> **TASK TO CARRY OUT**: In the listing below, find each line containing "Image" and report it.

^^^^

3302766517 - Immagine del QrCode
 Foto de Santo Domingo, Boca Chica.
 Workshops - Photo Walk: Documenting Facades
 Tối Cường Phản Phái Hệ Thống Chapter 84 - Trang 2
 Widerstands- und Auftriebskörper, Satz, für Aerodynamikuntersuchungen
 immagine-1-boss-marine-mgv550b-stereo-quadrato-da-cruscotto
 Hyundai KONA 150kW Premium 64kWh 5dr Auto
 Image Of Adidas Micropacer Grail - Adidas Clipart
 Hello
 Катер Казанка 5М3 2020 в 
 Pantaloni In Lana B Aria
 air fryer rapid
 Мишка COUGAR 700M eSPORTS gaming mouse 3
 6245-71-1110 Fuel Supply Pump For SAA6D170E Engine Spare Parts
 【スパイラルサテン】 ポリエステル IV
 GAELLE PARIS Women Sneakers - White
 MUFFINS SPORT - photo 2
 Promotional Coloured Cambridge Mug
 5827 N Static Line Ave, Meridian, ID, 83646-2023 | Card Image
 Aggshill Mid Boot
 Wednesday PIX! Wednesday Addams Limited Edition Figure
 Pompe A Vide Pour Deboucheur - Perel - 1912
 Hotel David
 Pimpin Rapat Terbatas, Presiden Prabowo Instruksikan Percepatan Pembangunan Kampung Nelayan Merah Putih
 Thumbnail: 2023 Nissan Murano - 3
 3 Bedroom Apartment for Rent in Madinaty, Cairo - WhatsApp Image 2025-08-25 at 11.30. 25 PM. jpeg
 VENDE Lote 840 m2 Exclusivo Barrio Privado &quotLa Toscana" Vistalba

^^^^

> **EXPECTED ANSWER**:
 Image Of Adidas Micropacer Grail - Adidas Clipart
 5827 N Static Line Ave, Meridian, ID, 83646-2023 | Card Image
 3 Bedroom Apartment for Rent in Madinaty, Cairo - WhatsApp Image 2025-08-25 at 11.30. 25 PM. jpeg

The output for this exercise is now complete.